Car companies build and sell the cars that people want to buy. European governments, to my knowledge, have NOT mandated fuel efficiency levels, but rather have enacted policies which cause the cost of fuel to be very high. High fuel costs drive the consumers to smaller, fuel-efficient cars. In the US, with relatively low fuel costs, consumers flock to big, high-performance vehicles.
One of the easiest ways to increase fuel economy is simply to SLOW down. When I drive across the state to pick up my son at college, I drive about 65mph, and often will not pass a single vehicle, but am passed by countless vehicles at high rates of speed.
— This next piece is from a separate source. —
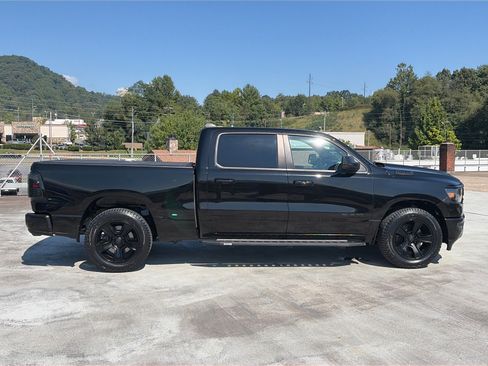 Used 2020 RAM 1500 Big Horn AWD/4WD image 2
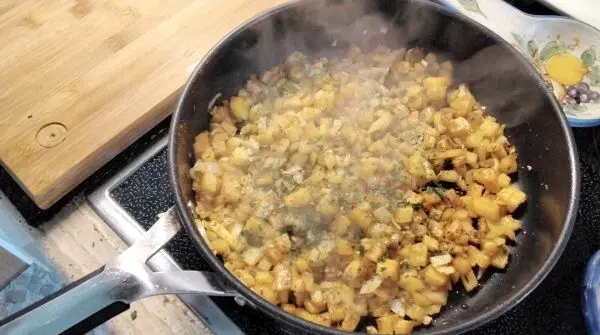 Da die Bratkartoffeln dieses Mal etwas schneller gehen mussten, habe ich die rohen Kartoffeln in kleine gleichm&auml;&szlig;ige W&uuml;rfel geschnitten.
As was noted in previous posts, despite high gas prices, Americans are driving more, and demand for fuel is UP. Ask any car dealer, who has on his lot two identical cars, one with a 4-cylinder engine, one with a 6-cylinder engine, which will sell fastest? Horsepower is what consumers want, far more then fuel efficiency.
The government mandates for higher fuel efficiency is simply the government taking the easy way out; pushing the problem on someone else, a "big bad corporation". The government could lower the speed limit to 55mph, or raise gas taxes to European-levels, but that would be very unpopular politically.
Trying to reduce US oil dependency by forcing automakers to produce fuel efficient cars is like trying to reduce American obesity by forcing clothing manufactures to make only small sizes.